## THE DATA:
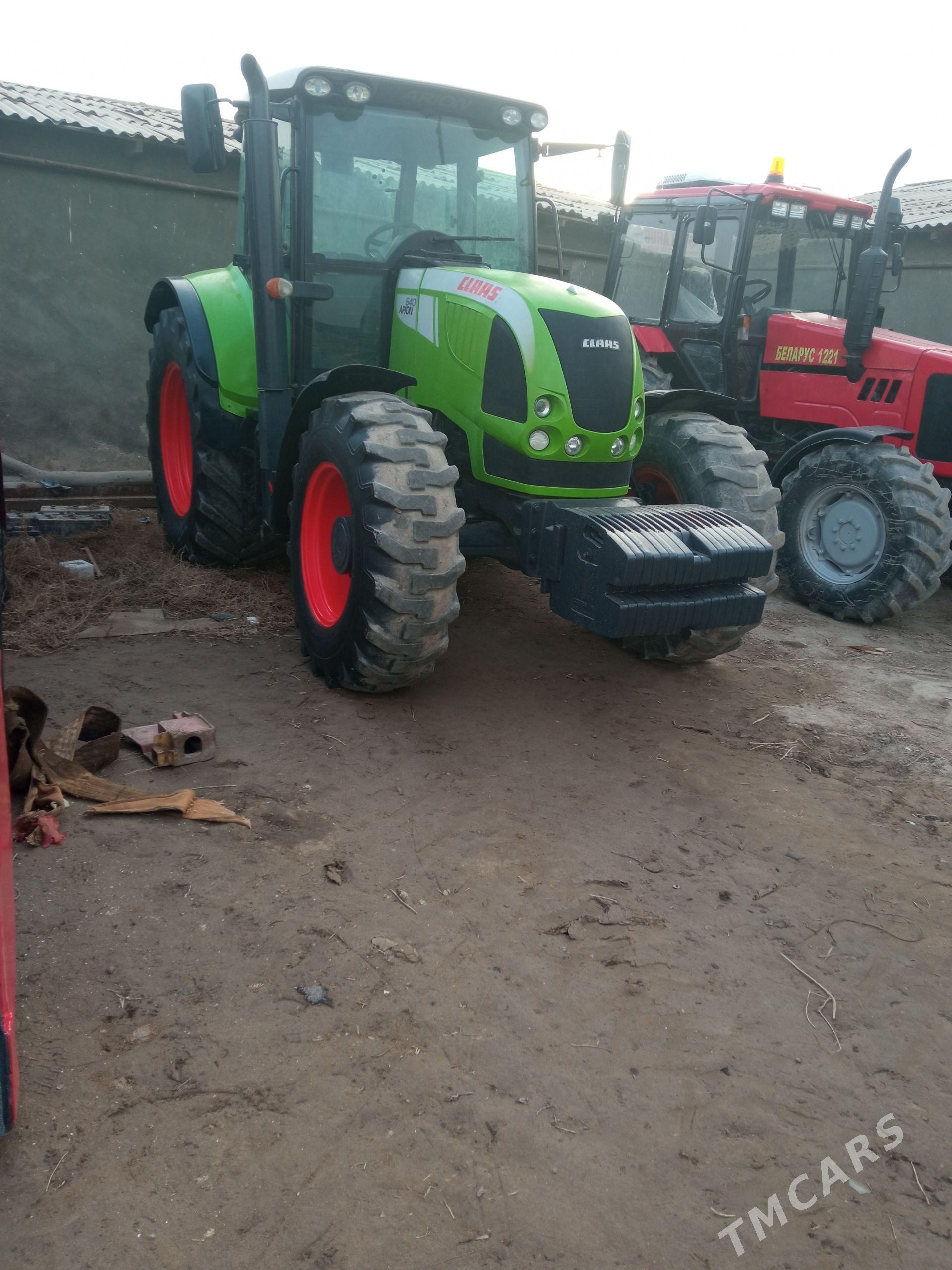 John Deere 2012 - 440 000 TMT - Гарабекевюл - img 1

* * *

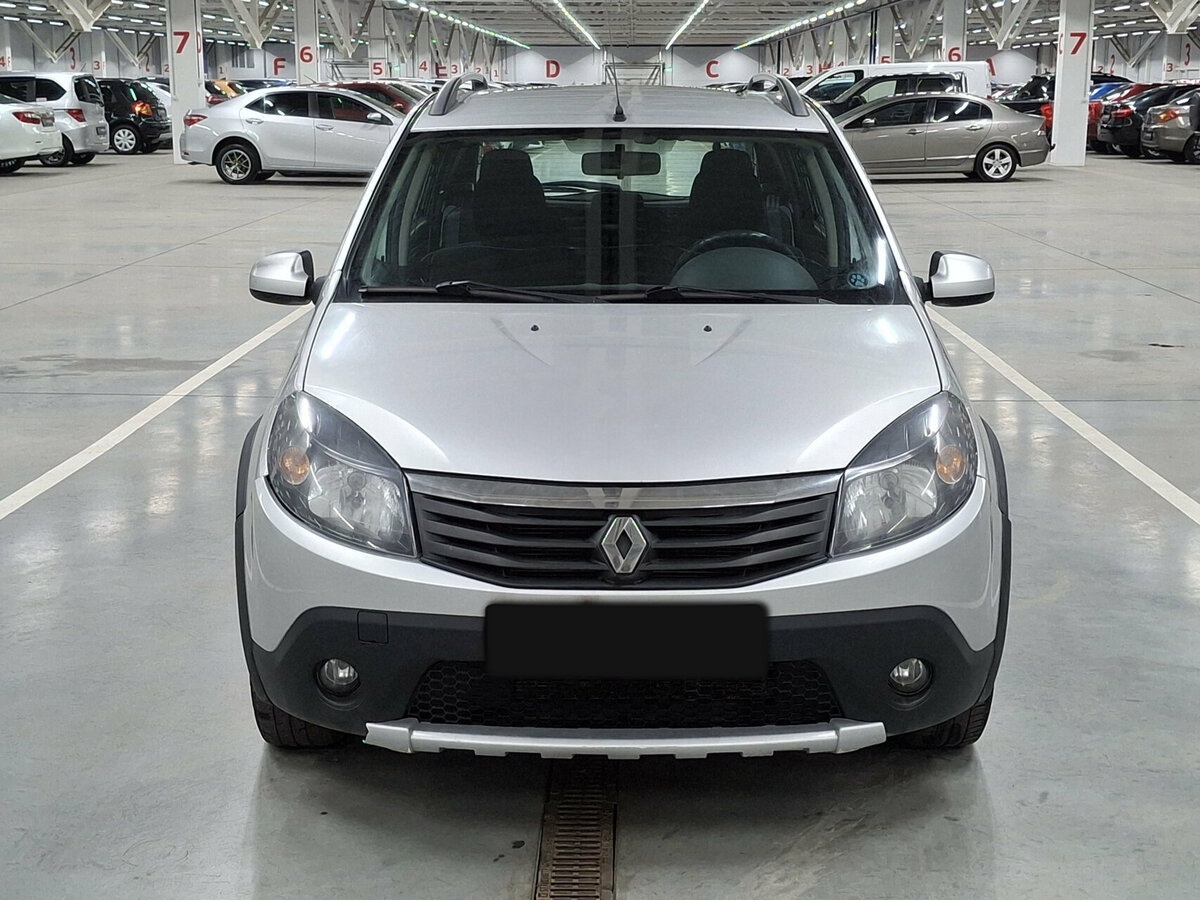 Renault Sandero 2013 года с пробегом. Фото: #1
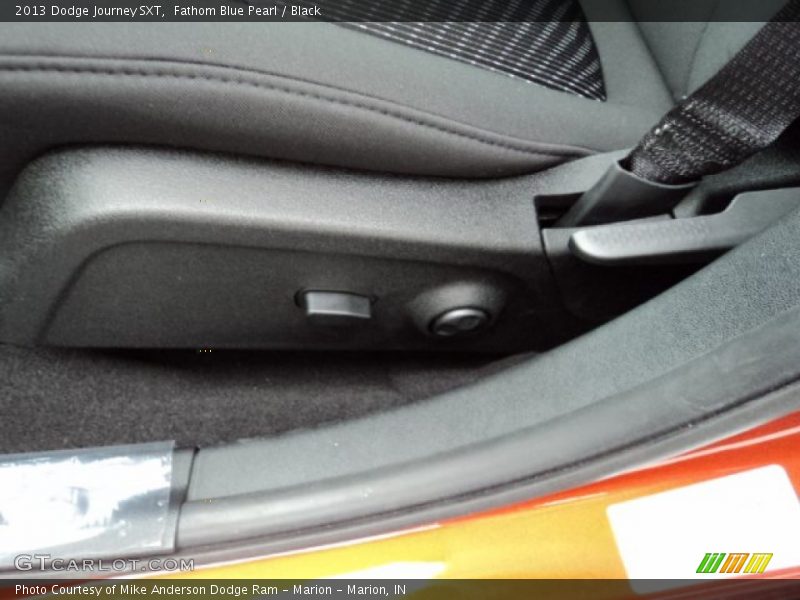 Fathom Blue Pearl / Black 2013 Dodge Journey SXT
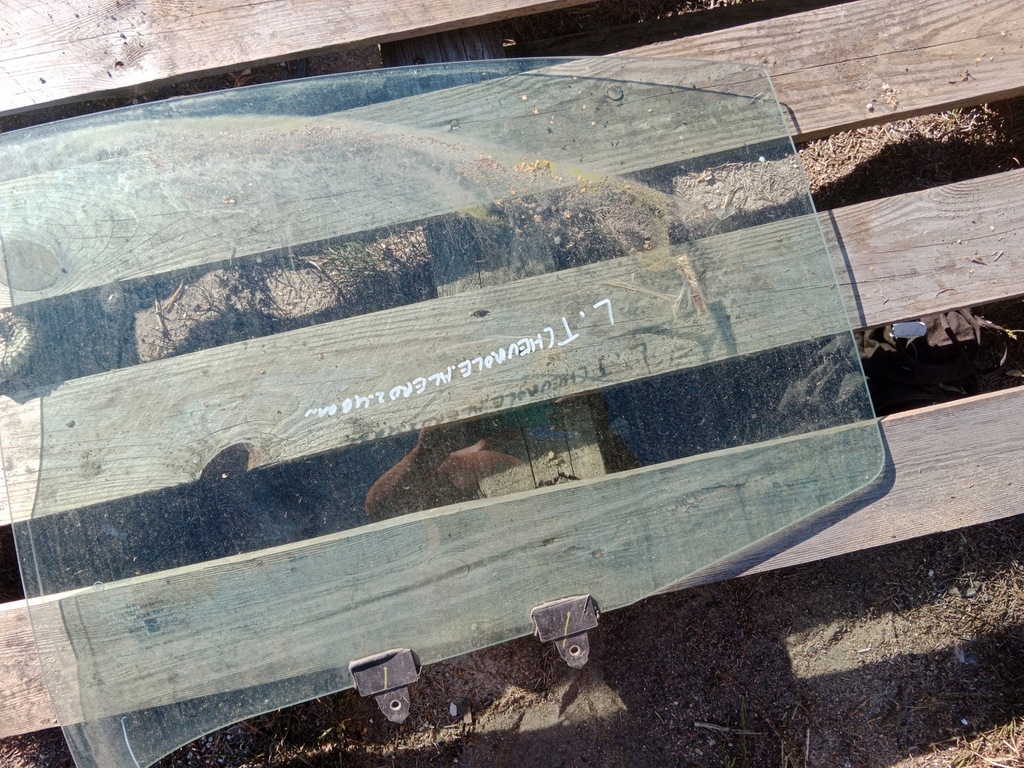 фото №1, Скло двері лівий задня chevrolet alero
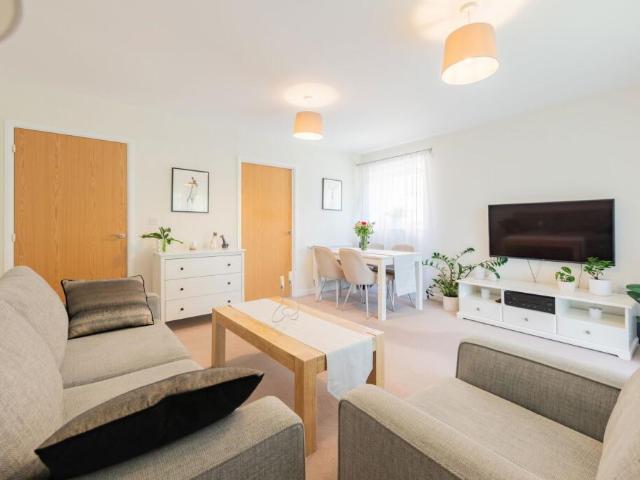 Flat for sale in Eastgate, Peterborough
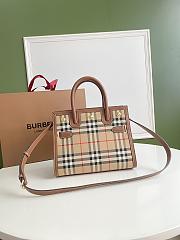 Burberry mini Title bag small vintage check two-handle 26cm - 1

* * *

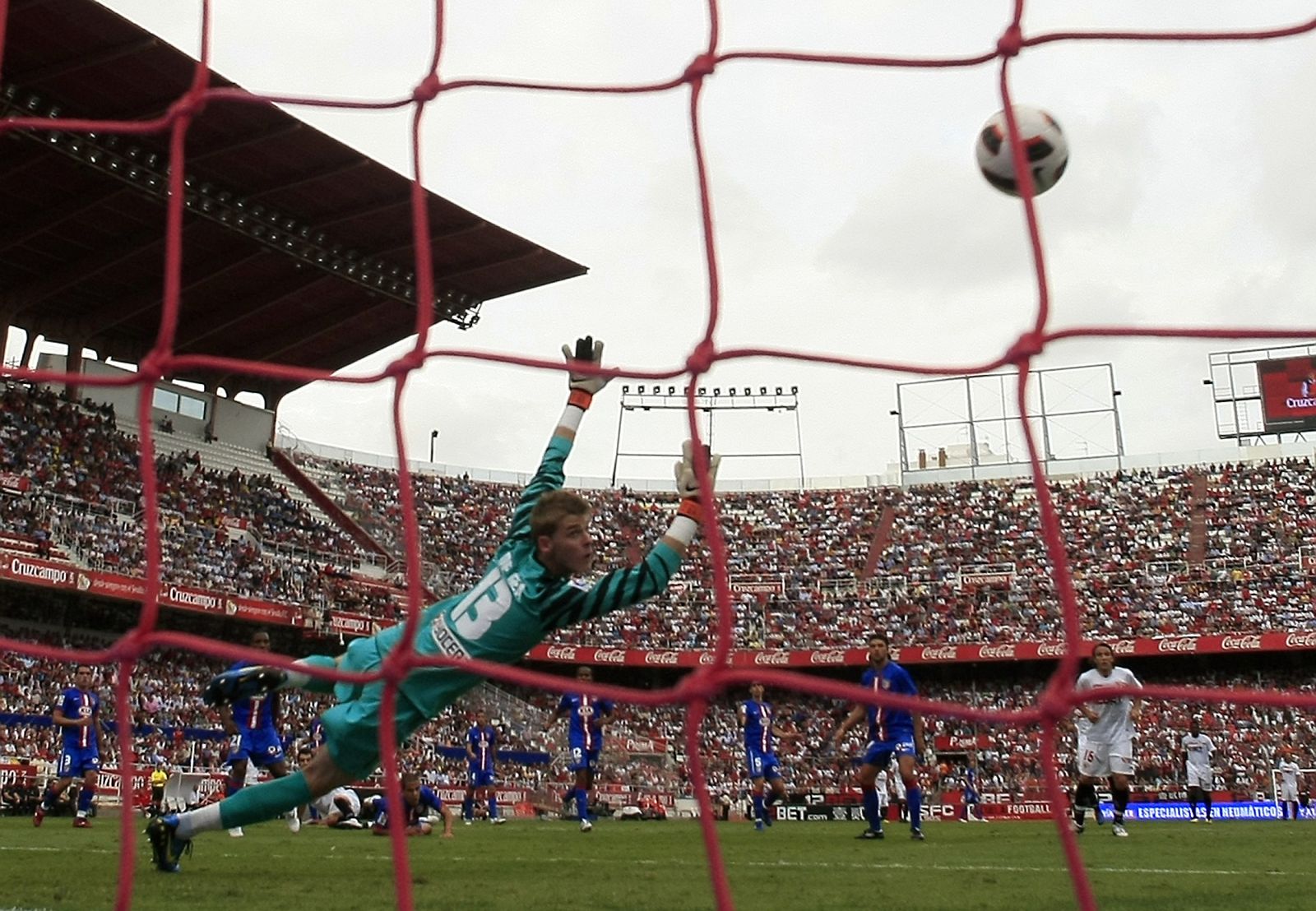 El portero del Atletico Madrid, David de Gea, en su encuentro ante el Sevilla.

## TASK INSTRUCTIONS:
Starting at the line above that holds "Fathom Blue Pearl", return each line up to and including the one that holds "Burberry mini Title", exactly as written, minus any pictures.

## EXERCISE RESULT:
 Fathom Blue Pearl / Black 2013 Dodge Journey SXT
 фото №1, Скло двері лівий задня chevrolet alero
 Flat for sale in Eastgate, Peterborough
 Burberry mini Title bag small vintage check two-handle 26cm - 1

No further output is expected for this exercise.